:: Instructions to follow ::
Look through the records below for the line with "Well-equipped RV rental". Return that line and each one after it up to and including the line with "Junges Model in", exactly.
── Data for review
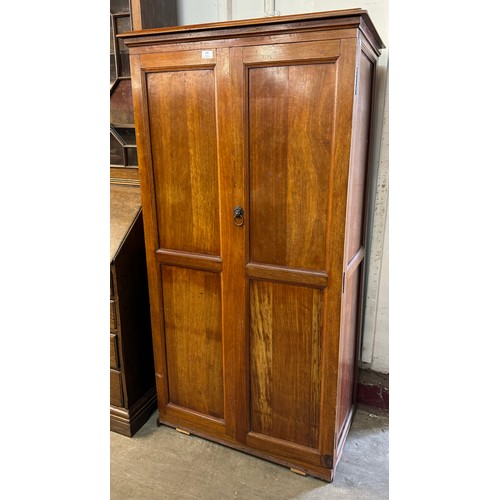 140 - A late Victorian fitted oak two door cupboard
────
── Data for review
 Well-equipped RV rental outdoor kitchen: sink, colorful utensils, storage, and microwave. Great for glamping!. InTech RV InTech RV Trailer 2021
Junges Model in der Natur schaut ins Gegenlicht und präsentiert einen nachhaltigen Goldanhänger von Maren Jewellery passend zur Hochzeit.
────
:: Reply ::
 Well-equipped RV rental outdoor kitchen: sink, colorful utensils, storage, and microwave. Great for glamping!. InTech RV InTech RV Trailer 2021
Junges Model in der Natur schaut ins Gegenlicht und präsentiert einen nachhaltigen Goldanhänger von Maren Jewellery passend zur Hochzeit.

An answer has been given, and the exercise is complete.